#### What you need to do
Repeat the data. Keep each line identical.

#### Data to examine
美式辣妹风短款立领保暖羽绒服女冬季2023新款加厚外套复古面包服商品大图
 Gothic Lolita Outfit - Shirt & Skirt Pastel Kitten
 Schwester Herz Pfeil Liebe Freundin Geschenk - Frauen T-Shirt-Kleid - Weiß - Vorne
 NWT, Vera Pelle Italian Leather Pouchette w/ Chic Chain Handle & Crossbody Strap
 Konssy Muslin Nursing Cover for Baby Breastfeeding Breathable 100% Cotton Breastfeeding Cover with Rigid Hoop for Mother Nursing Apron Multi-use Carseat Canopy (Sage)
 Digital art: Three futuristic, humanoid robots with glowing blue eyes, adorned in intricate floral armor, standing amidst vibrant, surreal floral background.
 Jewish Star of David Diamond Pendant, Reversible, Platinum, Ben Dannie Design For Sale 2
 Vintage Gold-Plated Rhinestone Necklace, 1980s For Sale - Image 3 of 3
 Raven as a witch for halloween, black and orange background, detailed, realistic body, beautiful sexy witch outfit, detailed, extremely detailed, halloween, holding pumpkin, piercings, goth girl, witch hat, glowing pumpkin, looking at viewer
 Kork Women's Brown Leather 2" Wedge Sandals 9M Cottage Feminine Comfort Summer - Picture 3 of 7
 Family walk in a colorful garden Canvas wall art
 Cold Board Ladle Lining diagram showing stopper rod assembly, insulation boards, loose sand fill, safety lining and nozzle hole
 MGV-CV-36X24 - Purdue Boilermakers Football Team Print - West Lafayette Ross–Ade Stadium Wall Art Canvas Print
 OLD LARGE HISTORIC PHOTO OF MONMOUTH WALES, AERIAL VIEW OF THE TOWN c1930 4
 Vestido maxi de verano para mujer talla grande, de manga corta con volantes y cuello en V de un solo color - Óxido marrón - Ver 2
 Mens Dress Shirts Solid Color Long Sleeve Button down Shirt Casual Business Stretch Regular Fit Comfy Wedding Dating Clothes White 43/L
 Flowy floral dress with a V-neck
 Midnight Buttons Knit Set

#### Answer to this task
美式辣妹风短款立领保暖羽绒服女冬季2023新款加厚外套复古面包服商品大图
 Gothic Lolita Outfit - Shirt & Skirt Pastel Kitten
 Schwester Herz Pfeil Liebe Freundin Geschenk - Frauen T-Shirt-Kleid - Weiß - Vorne
 NWT, Vera Pelle Italian Leather Pouchette w/ Chic Chain Handle & Crossbody Strap
 Konssy Muslin Nursing Cover for Baby Breastfeeding Breathable 100% Cotton Breastfeeding Cover with Rigid Hoop for Mother Nursing Apron Multi-use Carseat Canopy (Sage)
 Digital art: Three futuristic, humanoid robots with glowing blue eyes, adorned in intricate floral armor, standing amidst vibrant, surreal floral background.
 Jewish Star of David Diamond Pendant, Reversible, Platinum, Ben Dannie Design For Sale 2
 Vintage Gold-Plated Rhinestone Necklace, 1980s For Sale - Image 3 of 3
 Raven as a witch for halloween, black and orange background, detailed, realistic body, beautiful sexy witch outfit, detailed, extremely detailed, halloween, holding pumpkin, piercings, goth girl, witch hat, glowing pumpkin, looking at viewer
 Kork Women's Brown Leather 2" Wedge Sandals 9M Cottage Feminine Comfort Summer - Picture 3 of 7
 Family walk in a colorful garden Canvas wall art
 Cold Board Ladle Lining diagram showing stopper rod assembly, insulation boards, loose sand fill, safety lining and nozzle hole
 MGV-CV-36X24 - Purdue Boilermakers Football Team Print - West Lafayette Ross–Ade Stadium Wall Art Canvas Print
 OLD LARGE HISTORIC PHOTO OF MONMOUTH WALES, AERIAL VIEW OF THE TOWN c1930 4
 Vestido maxi de verano para mujer talla grande, de manga corta con volantes y cuello en V de un solo color - Óxido marrón - Ver 2
 Mens Dress Shirts Solid Color Long Sleeve Button down Shirt Casual Business Stretch Regular Fit Comfy Wedding Dating Clothes White 43/L
 Flowy floral dress with a V-neck
 Midnight Buttons Knit Set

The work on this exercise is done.